This ain't no Harvest Moon.
Hakuoki: Memories of the Shinsengumi is a visual novel dating sim, a genre popular and well-known in the eastern sector that the US is finally starting to catch up on. While the game lacks technical challenge, brain-busting puzzles, and hardcore competitive play, it still proves to be more than a little interesting with a compelling, bloody narrative that only unfolds completely after playing through it six different times.
The story surrounds Chizuru Yukimura and the chaos that becomes her life after she leaves home to find her father in Kyoto. One quick note: changing the main character’s first name is your only chance for customization in this game, so jump on it while you can. Chizuru, or whatever you decide to call her, soon finds herself in danger in Kyoto.
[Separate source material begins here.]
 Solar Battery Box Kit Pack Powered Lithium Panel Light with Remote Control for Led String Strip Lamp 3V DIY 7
Before long, she ends up roped into the affairs of the Shinsengumi, a force of Japanese swordsmen serving the Tokugawa shogunate.
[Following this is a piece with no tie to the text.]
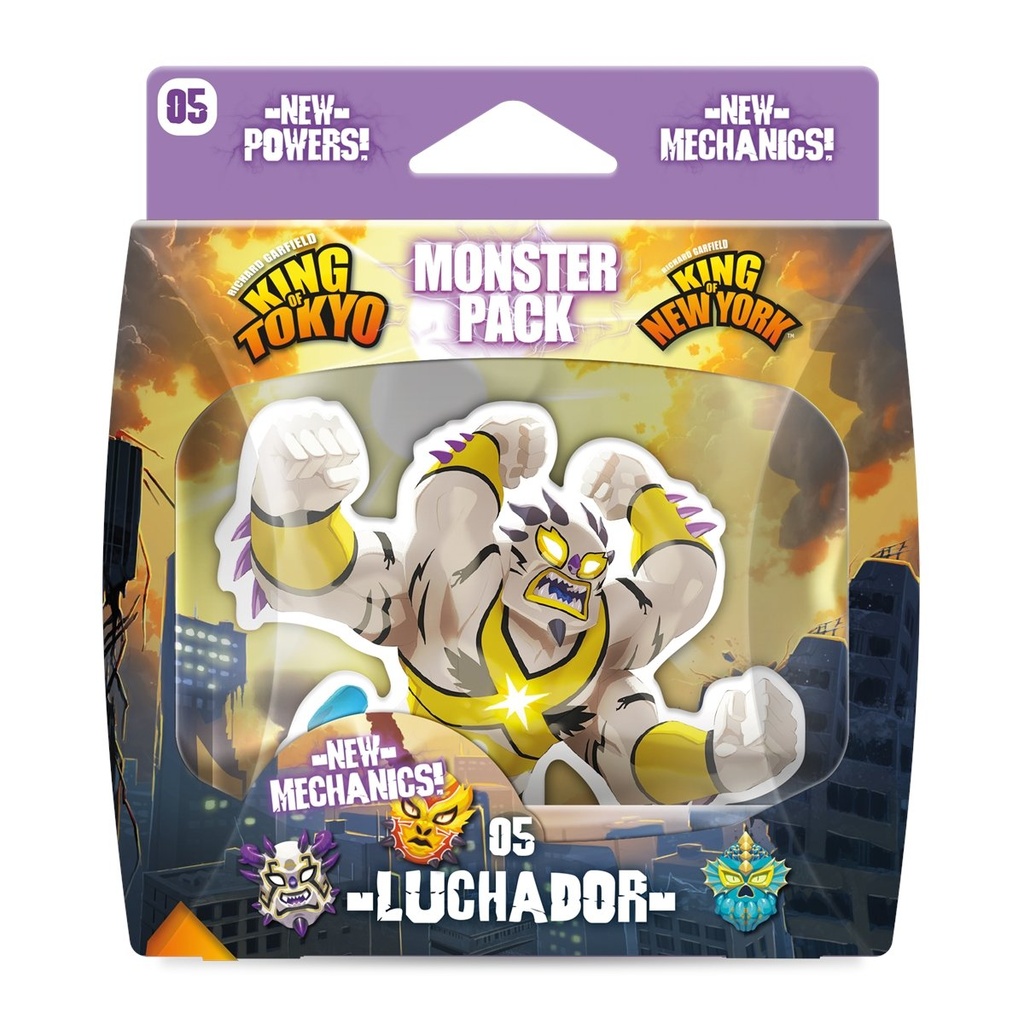 [4260071884589] King of Tokyo Monsterpack - Luchador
The gameplay itself is straightforward. You read the story and dialogue, and when the time comes you make decisions that, one by one, ultimately decide Chizuru’s fate. Each decision can increase your romance level with one of the five Shinsengumi generals, do nothing for any of your relationships, or kill you. That’s right, kill you. So be careful about how heroic, how defiant, or even how compliant you are. Anything could be the death of you, but that’s what makes it fun.
Streamlined quick save and load functions fortunately ease some of the worry about making fatal choices. Using the R and L buttons, you can perform a quick save whenever you’d like, and just as easily reload if something doesn’t go your way. However, this function does not work if you make a choice that leads to death. Your only option then is to load your last hard save and hope you hadn’t already sealed your fate by then. This is one of the few games where I wouldn’t necessarily recommend saving often. But quick save? Spam that sucker.
While it might seem tedious to play through the story six times, since some parts overlap, Hakuoki does a great job of adding several features to nip that in the bud. During subsequent playthroughs, you have the option of skipping the prologue and then using a skip function in game that will fast forward through any text you’ve already read. It won’t skip through anything you haven’t read yet, but if you miss something anyway, there’s even a convenient History for that.
The beauty of this game is the amount of content it offers. As I mentioned in the beginning, there are six different stories that combine to create the whole picture. There is an in-game encyclopedia to fill, which sheds some interesting light on the historical elements of the story as well as the rest of it. A Record of Service also exists to catalogue your progress through each of the stories, and there’s even a gallery of pictures to collect tied to each romantic candidate.
Although the strictly female protagonist and romantic nature of the game makes Hakuoki geared toward females, the characters, their snappy banter, and story make a game that can truly be fun for anyone. It may not provide the technical challenge other video games boast, but for anyone who enjoys a different, more story-centric style, there are few other places to look. And with any luck, Hakuoki’s re-release on the 3DS will mean more visual novels appearing on North American shelves in the future.